REQUIREMENT
Since the entries below must stay intact, return each one exactly.

RECORDS FOR THIS EXERCISE
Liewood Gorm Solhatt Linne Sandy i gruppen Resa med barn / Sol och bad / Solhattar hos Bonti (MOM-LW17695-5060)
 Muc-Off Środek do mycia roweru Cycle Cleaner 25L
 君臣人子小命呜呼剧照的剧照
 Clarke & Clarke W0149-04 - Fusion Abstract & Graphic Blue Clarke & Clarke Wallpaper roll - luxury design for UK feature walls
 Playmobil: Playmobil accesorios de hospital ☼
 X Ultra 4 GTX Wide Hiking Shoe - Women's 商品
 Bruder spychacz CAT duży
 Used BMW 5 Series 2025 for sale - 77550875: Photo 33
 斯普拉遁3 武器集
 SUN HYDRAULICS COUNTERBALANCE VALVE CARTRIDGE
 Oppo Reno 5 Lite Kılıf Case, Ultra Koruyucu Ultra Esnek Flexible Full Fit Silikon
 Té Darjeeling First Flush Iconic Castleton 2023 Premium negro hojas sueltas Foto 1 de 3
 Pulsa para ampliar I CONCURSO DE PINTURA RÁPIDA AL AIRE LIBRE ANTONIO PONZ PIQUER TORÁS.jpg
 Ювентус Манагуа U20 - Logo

OUTPUT BELOW
Liewood Gorm Solhatt Linne Sandy i gruppen Resa med barn / Sol och bad / Solhattar hos Bonti (MOM-LW17695-5060)
 Muc-Off Środek do mycia roweru Cycle Cleaner 25L
 君臣人子小命呜呼剧照的剧照
 Clarke & Clarke W0149-04 - Fusion Abstract & Graphic Blue Clarke & Clarke Wallpaper roll - luxury design for UK feature walls
 Playmobil: Playmobil accesorios de hospital ☼
 X Ultra 4 GTX Wide Hiking Shoe - Women's 商品
 Bruder spychacz CAT duży
 Used BMW 5 Series 2025 for sale - 77550875: Photo 33
 斯普拉遁3 武器集
 SUN HYDRAULICS COUNTERBALANCE VALVE CARTRIDGE
 Oppo Reno 5 Lite Kılıf Case, Ultra Koruyucu Ultra Esnek Flexible Full Fit Silikon
 Té Darjeeling First Flush Iconic Castleton 2023 Premium negro hojas sueltas Foto 1 de 3
 Pulsa para ampliar I CONCURSO DE PINTURA RÁPIDA AL AIRE LIBRE ANTONIO PONZ PIQUER TORÁS.jpg
 Ювентус Манагуа U20 - Logo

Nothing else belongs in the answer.